Facebook dans la controverse

Ce n’était qu’une question de temps avant que ne surgisse une controverse majeure en matière de confidentialité chez le plus grand des réseaux sociaux. Depuis le début de l’année 2018, les scandales se succèdent chez Facebook au rythme des changements dans l’entourage du président américain Donald Trump. Ce dernier est d’ailleurs l’élément déclencheur de cette série noire avec l’affaire Cambridge Analytica et la vente de données privées lors de l’élection présidentielle.

Depuis, Facebook semble s’embourber de plus en plus, que ce soit à propos des fausses nouvelles ou de la protection de la vie privée de ses utilisateurs. Il y a quelques jours, nous apprenions que Facebook permettait à certaines entreprises «d’espionner» les conversations privées de l’application Messenger. Rien pour consolider le lien de confiance avec les utilisateurs.

Huawei: Le Canada dans l’embarras

Le fabricant chinois de matériel électronique Huawei termine son année 2018 dans la tourmente avec l’arrestation à Vancouver, à la demande des Américains, de sa directrice financière Meng Wanzhou. Nos voisins du sud accusent Huawei d’avoir fait fi des sanctions contre l’Iran en y vendant du matériel via une société-écran.

D’ailleurs, moult pays doutent de l’intégrité de ce manufacturier et l’ont banni, malgré qu’il soit un leader mondial dans le déploiement de la technologie cellulaire 5G. L’affaire Huawei plonge actuellement le Canada dans une tourmente diplomatique avec la Chine, qui a par ailleurs procédé à l’arrestation de deux Canadiens.

Le dénouement de cette délicate histoire aura un impact majeur sur les télécommunications canadiennes, car plusieurs fournisseurs de télécommunication utilisent actuellement des produits Huawei. Pour paraphraser le très nuancé Elvis Gratton: «Un Chinois, ben ça, c’est l’boutte!»

Le jeu Fornite d’Epic Games compte plus de 125 millions de joueurs.

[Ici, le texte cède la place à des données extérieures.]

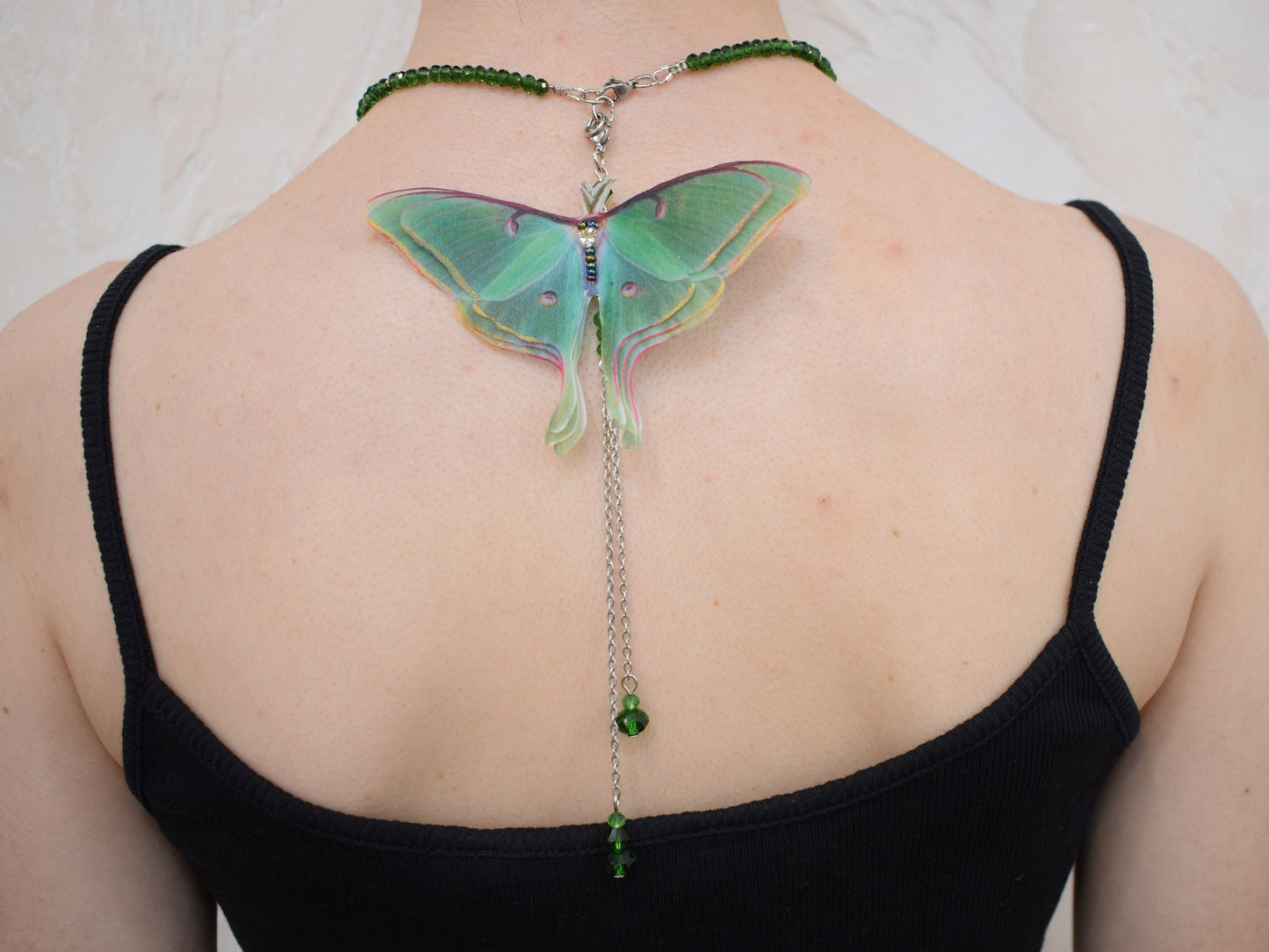 Luna moth moving butterfly wings backdrop necklace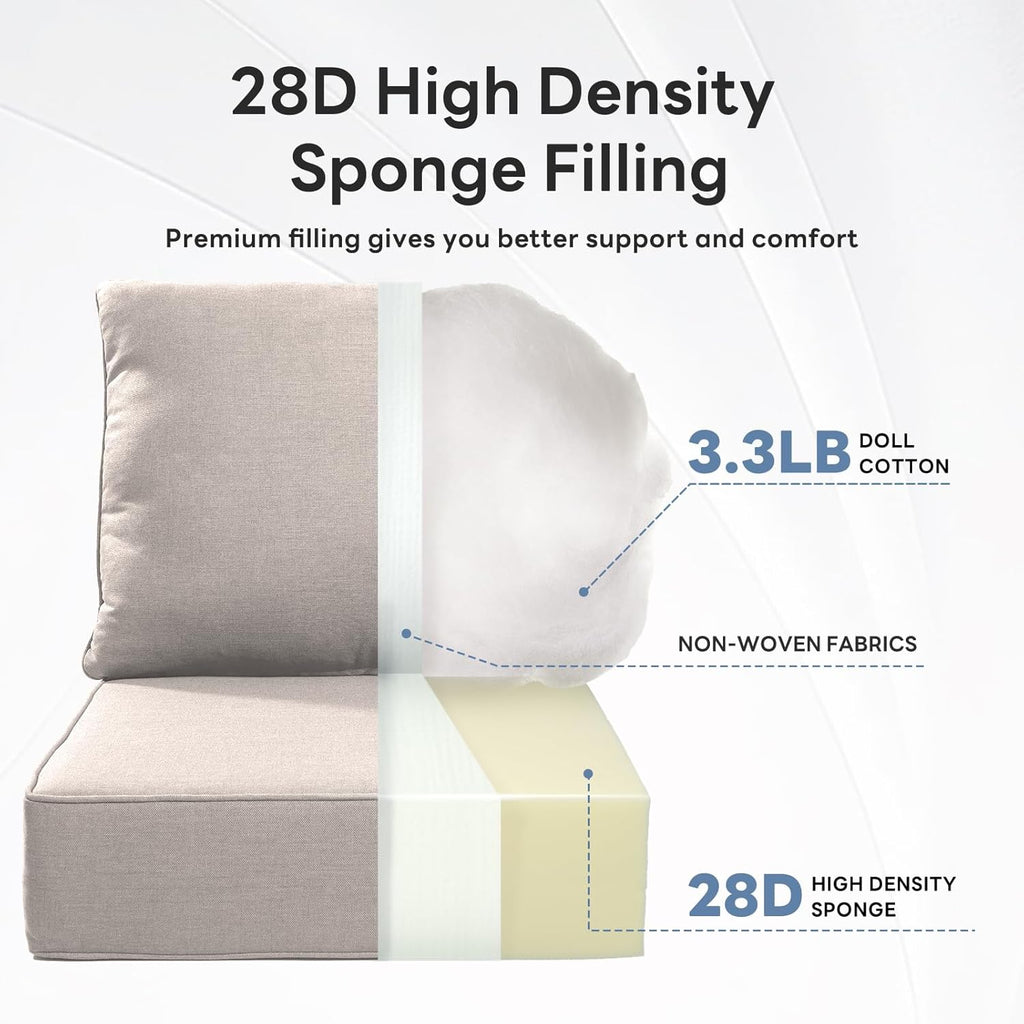 6" Thicker Outdoor Chair Cushion 8 Sets - 24" *24" *6" Waterproof Patio Furniture Cushions with Removable Cover, 28D High Density Sponge Filling Thicken Outdoor Patio Cushions - Beige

Fortnite, la recette du succès

Le jeu Fortnite, sorti vers la fin de 2017, a obtenu un succès immédiat avec plus de 125 millions de joueurs de tout acabit. Le jeu est offert gratuitement, mais offre la possibilité aux joueurs d’acheter différents accessoires afin de personnaliser leurs avatars, ce qui permet à Epic Games d’engranger les milliards de dollars! Ils en auront d’ailleurs besoin, avec toutes les poursuites pour plagiat qui pèsent contre eux!

Trump et le mot idiot

La situation cocasse de l’année revient au PDG de Google Sundar Pichai qui, lors d’une audience parlementaire, a dû expliquer pourquoi l’image du président Trump s’affiche lorsque le mot idiot est tapé dans le moteur de recherche de Google Images.

Accusé par les républicains de favoritisme démocrate, Google se défend que les réponses offertes aux requêtes sont le fruit de l’algorithme qui corrobore une série de facteurs afin de relier une image à un mot-clé. Le véritable responsable de ce couple Trump-Idiot est non pas Google, mais les nombreux sites Internet qui placent le mot-clé idiot avec une image du président!